** Opening Source records block **

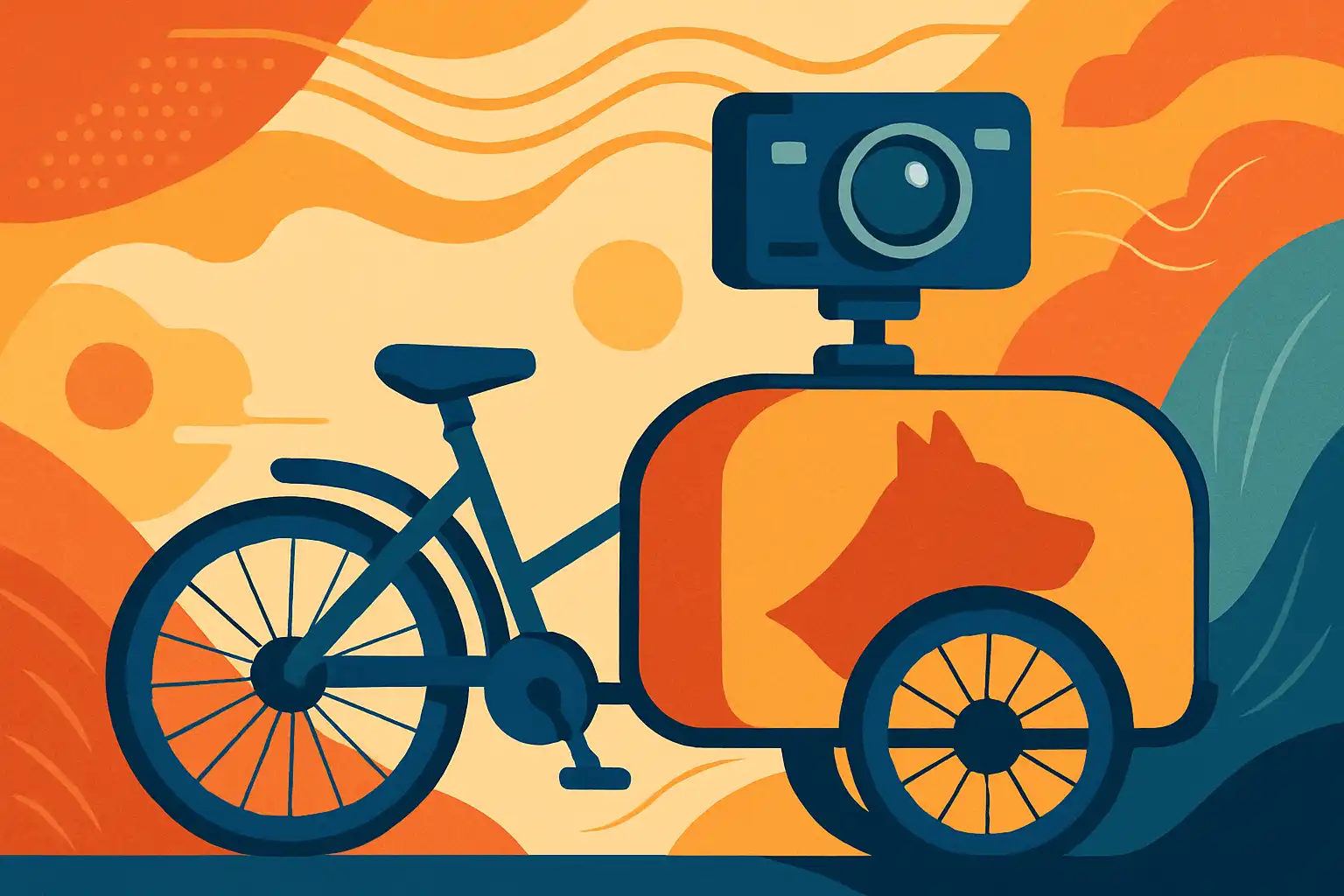 Vlogklaar: zo monteer je camera's veilig op je hondenfietskar voor epische ritbeelden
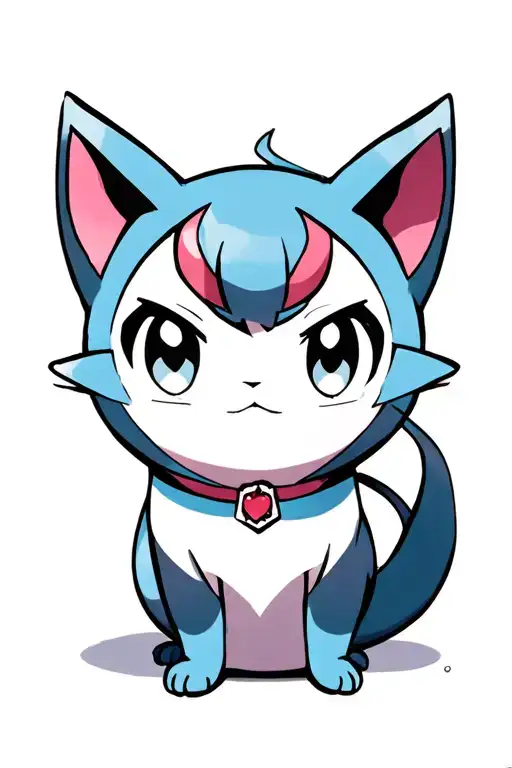 pokemon mew tattoo design idea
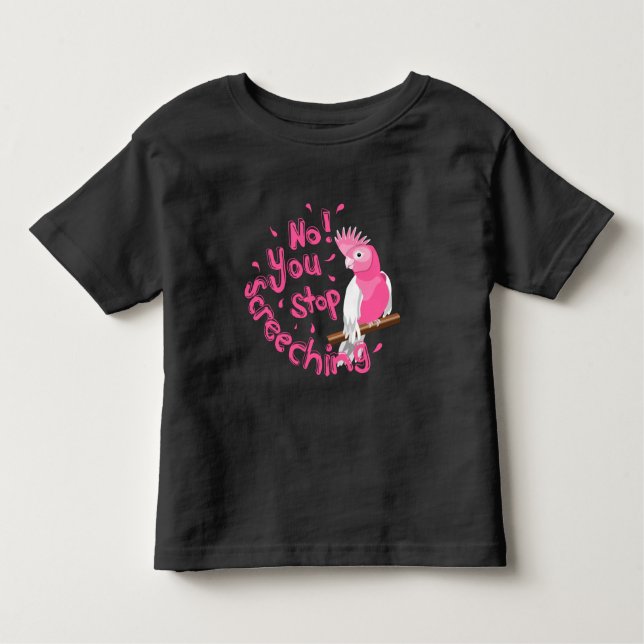 Camiseta Infantil Funny Galah Cockatiel (Frente)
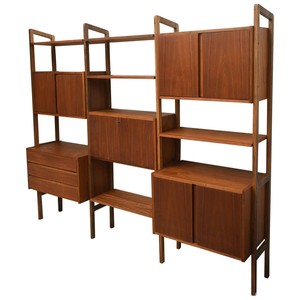 Estante de Pared Rectangular Contemporáneo de Madera de Teca Premium con Almacenamiento Oculto de 15 mm de Grosor, Venta al Por Mayor - Product Image 2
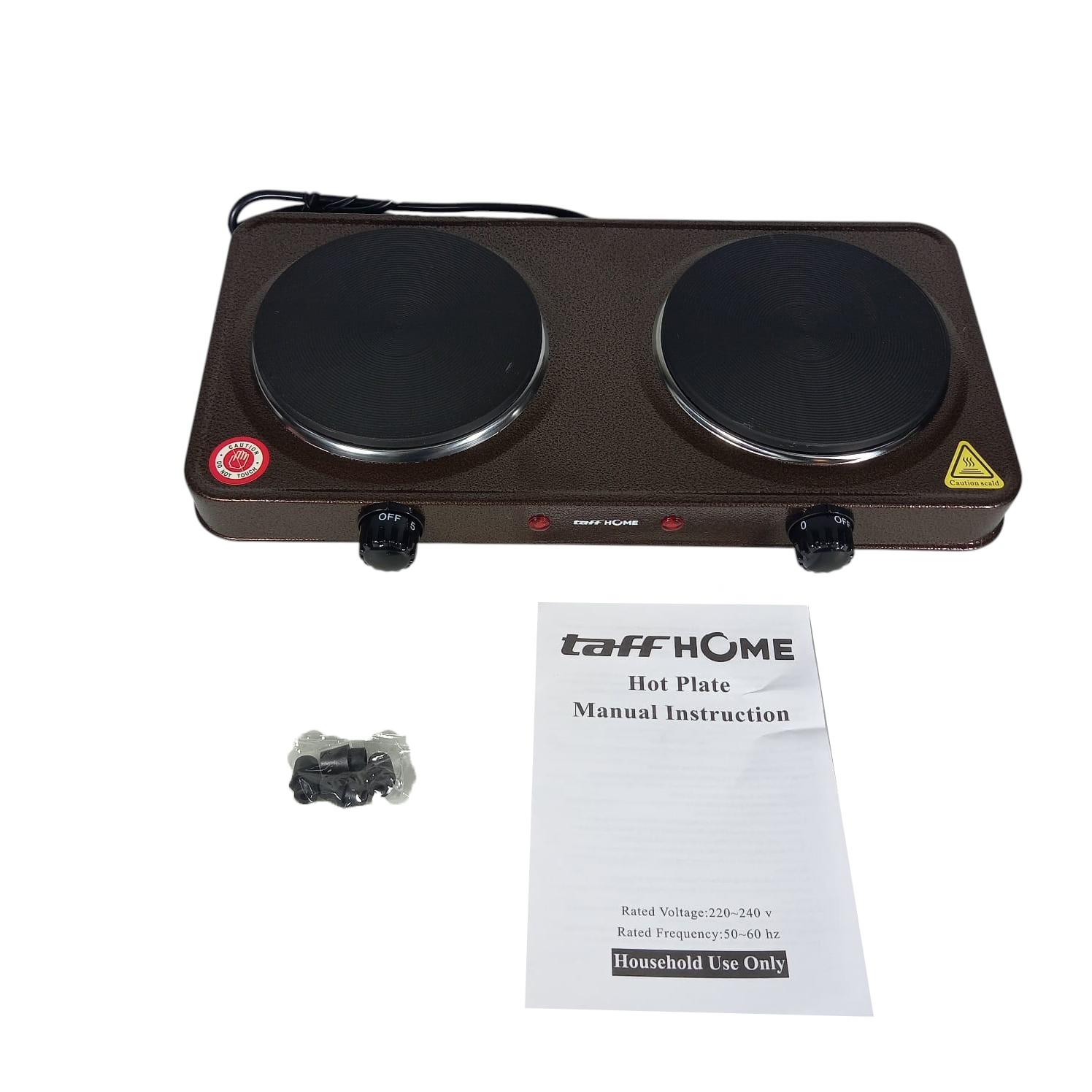 TaffHOME Kompor Listrik 2 Tungku Electric Furnace Dual Hot Plate 2000W - SHP-5814 Gambar produk TaffHOME Kompor Listrik 2 Tungku Electric Furnace Dual Hot Plate 2000W - SHP-5814 - 4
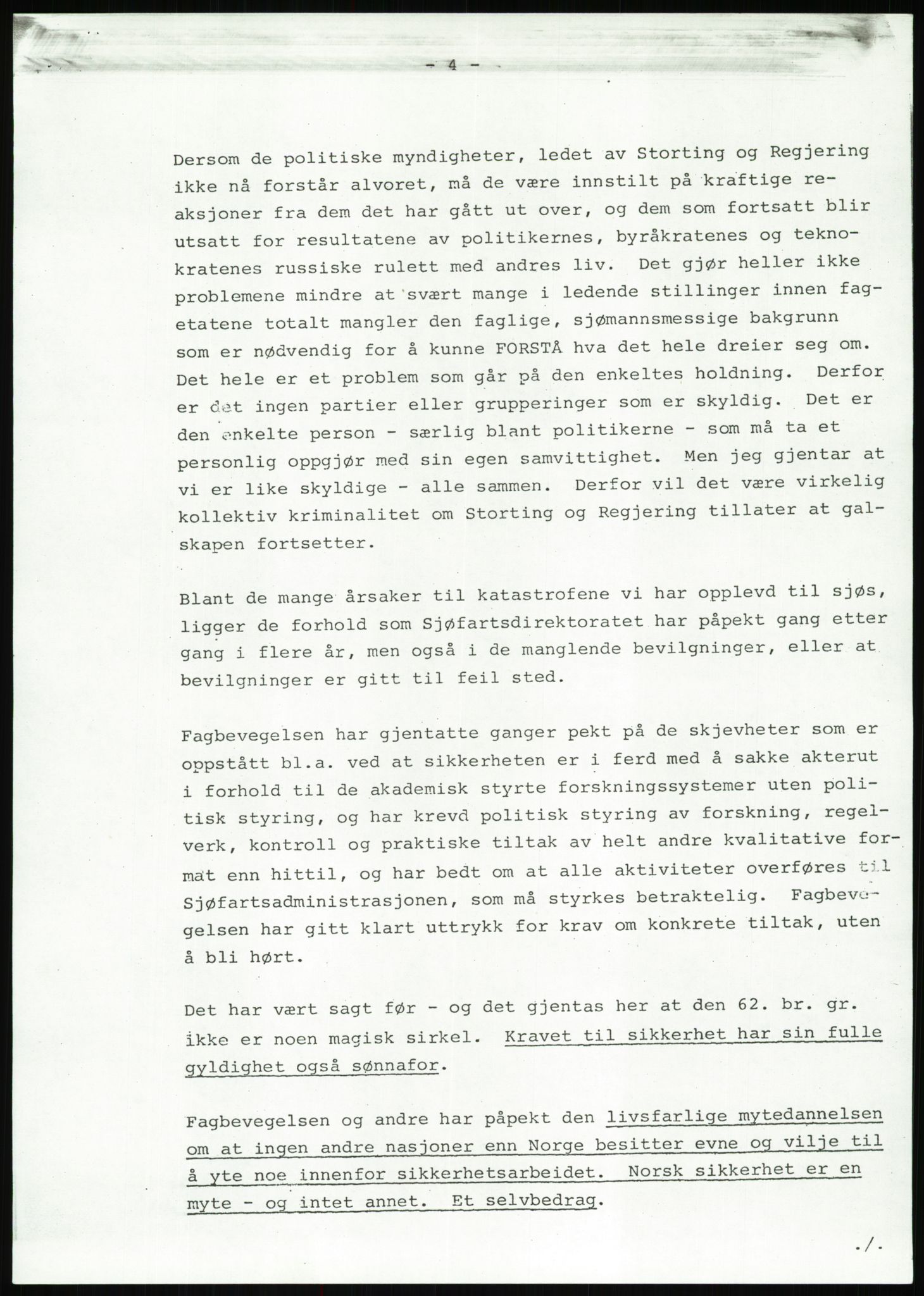 Justisdepartementet, Granskningskommisjonen ved Alexander Kielland-ulykken 27.3.1980, AV/RA-S-1165/D/L0022: Y Forskningsprosjekter (Y8-Y9)/Z Diverse (Doku.liste + Z1-Z15 av 15), 1980-1981, s. 382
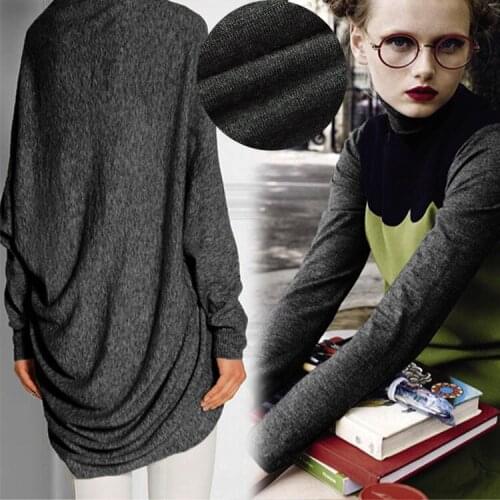 170cm wide stretch knitted worsted pure wool wool fabric autumn and winter primer sweater sweater fabric Customized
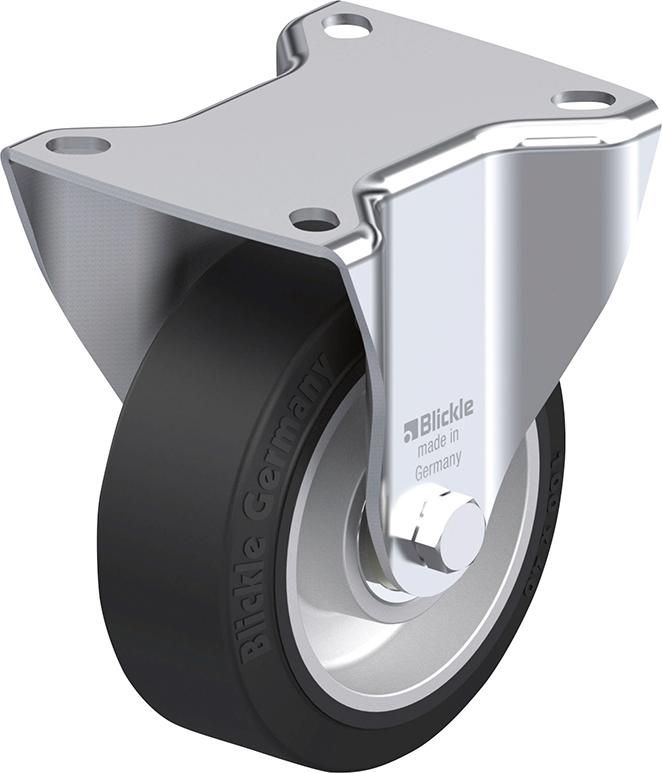 Bockrolle Rad-D100mm Gummi B-ALEV 100K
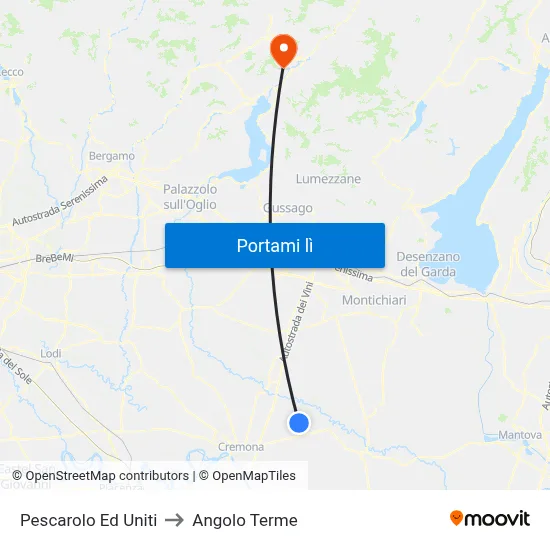 Pescarolo Ed Uniti to Angolo Terme map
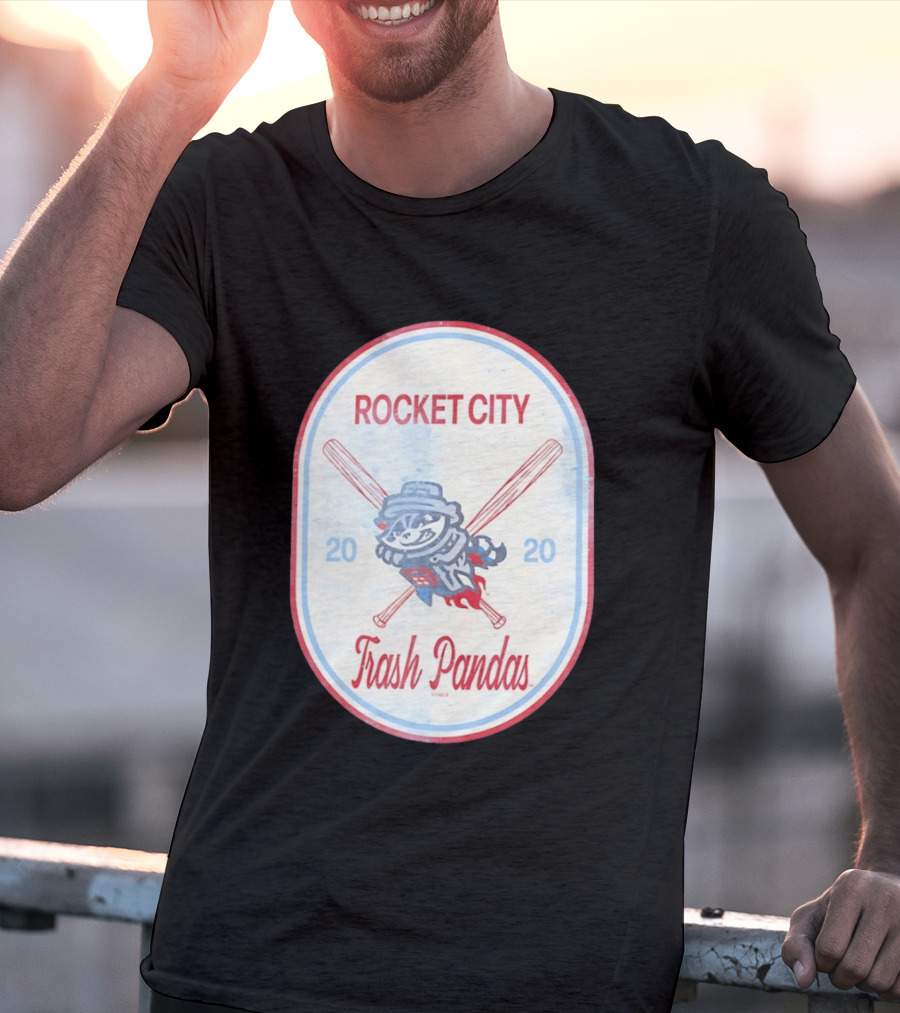 Rocket City Trash Pandas 2020 Raccoon Baseball T-Shirt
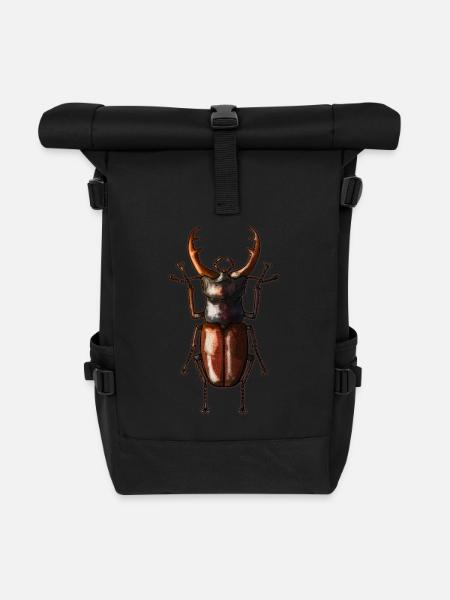 Hirschkäfer - Rolltop Rucksack - Schwarz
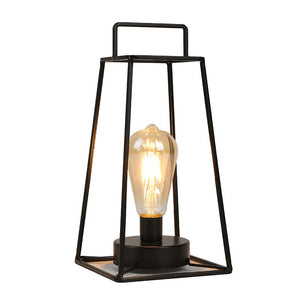 12''H Retro Style Geometric Table Lamp
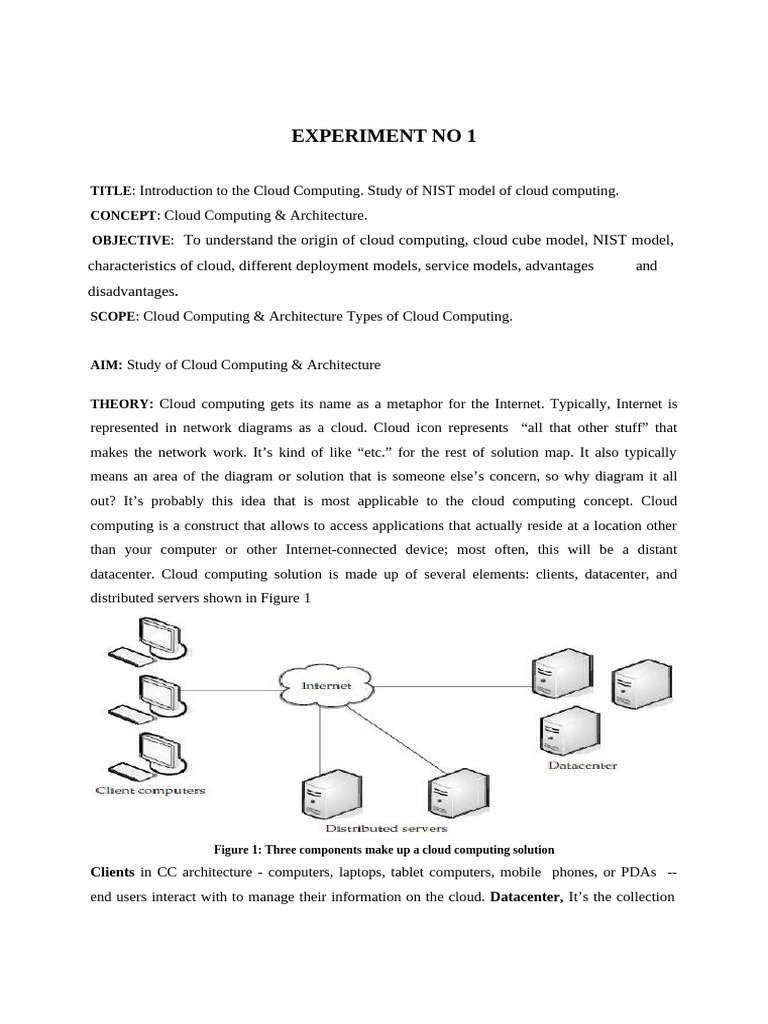Experiment 1 | PDF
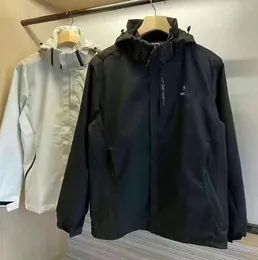 디자이너 재킷 아크 남성 여성 방수 재킷 가벼운 무지개 코트 쉘 후드 야외 하이킹 윈드 브레이크 재킷 탑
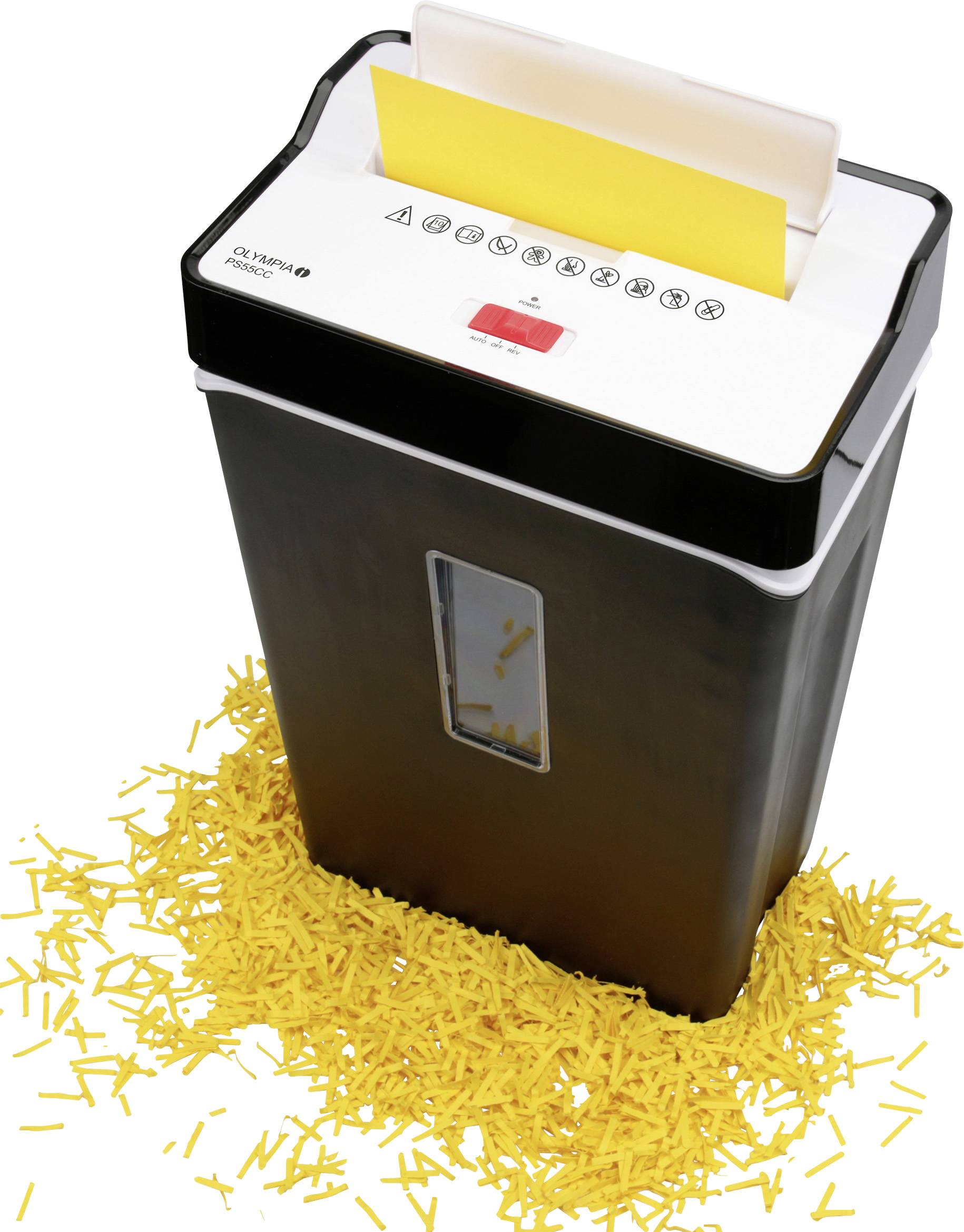 Olympia PS 55 CC Aktenvernichter 10 Blatt Partikelschnitt 4 x 40mm P-4 21l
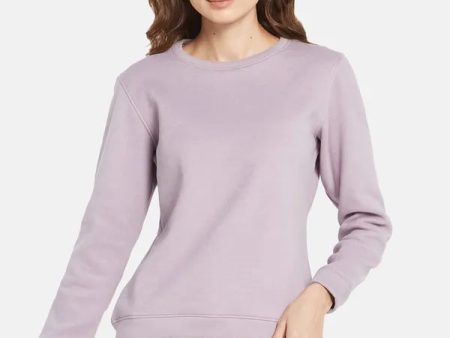 Women Solid Sweatshirt For Discount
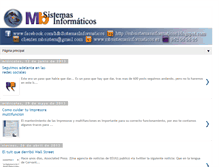 Tablet Screenshot of mbsistemasinformaticos.blogspot.com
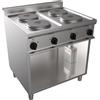 Cucina elettrica 4 piastre su vano profondità 70 cm, potenza 10,4 kW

** Closing Source records block **

• What is being asked:
Word-for-word restatement: every line from the one with "Pescarolo Ed Uniti to Angolo Terme map" through the final line of the data, both ends included, pictures excluded.

• Expected answer:
 Pescarolo Ed Uniti to Angolo Terme map
 Rocket City Trash Pandas 2020 Raccoon Baseball T-Shirt
 Hirschkäfer - Rolltop Rucksack - Schwarz
 12''H Retro Style Geometric Table Lamp
Experiment 1 | PDF
 디자이너 재킷 아크 남성 여성 방수 재킷 가벼운 무지개 코트 쉘 후드 야외 하이킹 윈드 브레이크 재킷 탑
 Olympia PS 55 CC Aktenvernichter 10 Blatt Partikelschnitt 4 x 40mm P-4 21l
 Women Solid Sweatshirt For Discount
 Tablet Screenshot of mbsistemasinformaticos.blogspot.com
 Cucina elettrica 4 piastre su vano profondità 70 cm, potenza 10,4 kW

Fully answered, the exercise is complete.